For projects which have yet to be placed in service, there is an element of project risk. Project risk describes the risk that a project may experience a delay, perhaps due to a labor shortage or supply chain complications, which could push tax credit generation into a later year than the buyer desires. Buyers generally do not pay for credits until they are generated, so this risk is principally related to the timing of realizing the credits.
Tax credit transactions are essentially an exchange of a tax credit generated by an eligible investment or activity for cash. The buyer of the credit takes on certain risks, particularly for Investment Tax Credits (ITC). ITC value is calculated as a percent of a project’s cost basis.
If, after the ITC has been sold, the IRS determines that a project’s cost basis was overstated, part of the credit can be clawed back. The IRS may also assess penalties for overstating the project’s cost basis. Buyers can indemnify themselves against this risk by purchasing insurance covering eligible basis and disallowance risk.
Similarly, ITCs are subject to recapture risk, or the risk that the IRS can take back, or “recapture” a portion of the credit if the project that generated the credit is taken out of service (e.g. destroyed and not rebuilt) within the first five years of service (stepping down 20% each year). Tax credit buyers very commonly ask the seller to obtain insurance indemnifying against the risk of recapture.
In lieu of or alongside insurance, credit buyers can accept guarantees or indemnities from the project developer covering certain risks. In this event, the buyer may take on risks related to seller creditworthiness, and must determine whether the seller has sufficient backing to support the indemnification.
Risks such as the ones in Table 1 are a factor in most transactions (especially ITC transactions), and can be managed through insurance or by obtaining indemnities from the seller. We often find that buyers are familiar with these risks and have an initial understanding of how to mitigate them when they enter the market for tax credits. Even so, unexpected developments can arise and require buyers and their advisors to adapt.
We commonly find that risk mitigation strategies help many buyers feel confident as they navigate a transaction. A central theme: clear strategy and good advisors. The first ensures that a buyer knows their “why;” whether that is to invest in clean energy, manage taxes, or just test the market, buyers should know their options and objectives. In turn, good advisors relieve a buyer from having to become an expert in everything.
Buyers can also spend time defining the types of credits, terms, and counterparties they want to engage with — we’ve described this as “building a box” to pre-screen credit opportunities. Buyers can engage with intermediaries, as well, to ensure that they have knowledgeable partners in their corner. And we recommend that buyers align internally and with their advisors on their goals for each stage of a transaction.

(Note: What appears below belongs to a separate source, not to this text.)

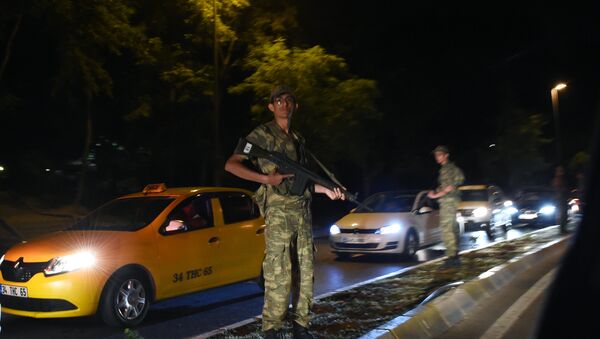 Turkish security officer stands on guard on the side of the road on July 15, 2016 in Istanbul, during a security shutdown of the Bosphorus Bridge. - Sputnik Moldova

In practice, term sheets present an early opportunity for the seller and buyer (and their advisors) to align on key terms, including the price paid for the credits and the total volume of credits. While there is value in keeping the term sheet high-level, we have also seen several areas of misalignment arise that can threaten to throw a deal off course. We suggest that buyers and sellers use the term sheet to get on the same page regarding several issues:
Due diligence is an important part of any transaction. Buyers typically conduct due diligence with the aid of specialized tax and legal advisors. Due diligence also plays an important role in managing the risk of fees related to excessive credit transfers. If the IRS deems that a project overstated (and then sold) tax credits above and beyond those that the project is allowed to generate (say, by claiming but failing to qualify for certain bonus tax credits or including costs of equipment that are not eligible to generate tax credits), the buyer as the owner of the credits can be subject to a 20% excessive credit transfer fee.
However, in the IRS’s June 2023 draft transferability guidance, the agency proposed to waive these fees in the event the buyer can show that they had “reasonable cause” to believe the credit transfers were not excessive. IRS proposes (and sought comments) on the due diligence elements that can show that a buyer had reasonable cause.
In addition to managing a thorough due diligence process and negotiating a term sheet, buyers can adopt other strategies to diversify their risk exposure, subject to their individual risk preferences.
Buyers can familiarize themselves with the array of projects and credits available to them by screening projects on a variety of criteria in the Crux platform. Our team can provide market insight into credit pricing, competitiveness, and other factors to help credit buyers make informed decisions.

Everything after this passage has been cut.